A fronte della tardiva notifica del ricorso alla controinteressata aggiudicataria dovuta a un iniziale errore nell’individuazione dell’effettivo domicilio, va riconosciuto l’errore scusabile (art.37 C.P.A.), essendo incolpevole la condotta del ricorrente il quale abbia tentato di notificare l’impugnativa avverso l’aggiudicazione presso la sede dell’aggiudicatario che era stata indicata dalla stessa stazione appaltante nell’ambito dell’avviso di aggiudicazione. L’indicazione da parte della stazione appaltante (non solo della notifica tardivadenominazione, ma anche) dell’indirizzo dell’aggiudicatario non rappresenta un adempimento meramente formale, ma costituisce ottemperanza a uno specifico obbligo di legge che non può restare privo di conseguenze in termini concreti e anche ai fini processuali, assolvendo segnatamente allo scopo di fornire agli altri concorrenti le indicazioni necessarie per contestare (in particolare, in giudizio) l’intervenuta aggiudicazione.

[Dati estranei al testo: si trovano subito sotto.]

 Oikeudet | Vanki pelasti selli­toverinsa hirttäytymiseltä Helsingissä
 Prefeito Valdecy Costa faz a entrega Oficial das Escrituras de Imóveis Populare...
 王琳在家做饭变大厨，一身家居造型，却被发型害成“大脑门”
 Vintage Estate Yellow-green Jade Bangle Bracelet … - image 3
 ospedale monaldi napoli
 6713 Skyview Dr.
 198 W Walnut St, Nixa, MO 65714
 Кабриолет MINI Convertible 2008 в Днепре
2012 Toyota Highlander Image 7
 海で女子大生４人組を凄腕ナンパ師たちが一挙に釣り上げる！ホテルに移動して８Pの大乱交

Nonostante emergano elementi che inducono a ravvisare una violazione del principio del contraddittorio in danno dell’aggiudicataria tale da disporre il rinvio al primo Giudice ai sensi dell’art.105 C.P.A., prevalenti ragioni sistematiche inducono a procedere comunque nell’esame nel merito dell’appello, in quanto, essendo l’appello stesso infondato nel merito, l’eventuale rinvio al primo Giudice (finalizzato a garantire le prerogative della controinteressata pretermessa in primo grado) sortirebbe paradossalmente un effetto svantaggioso in suo danno, riaprendo una vicenda processuale che può invece risolversi in modo vantaggioso per essa in entrambi i gradi di giudizio.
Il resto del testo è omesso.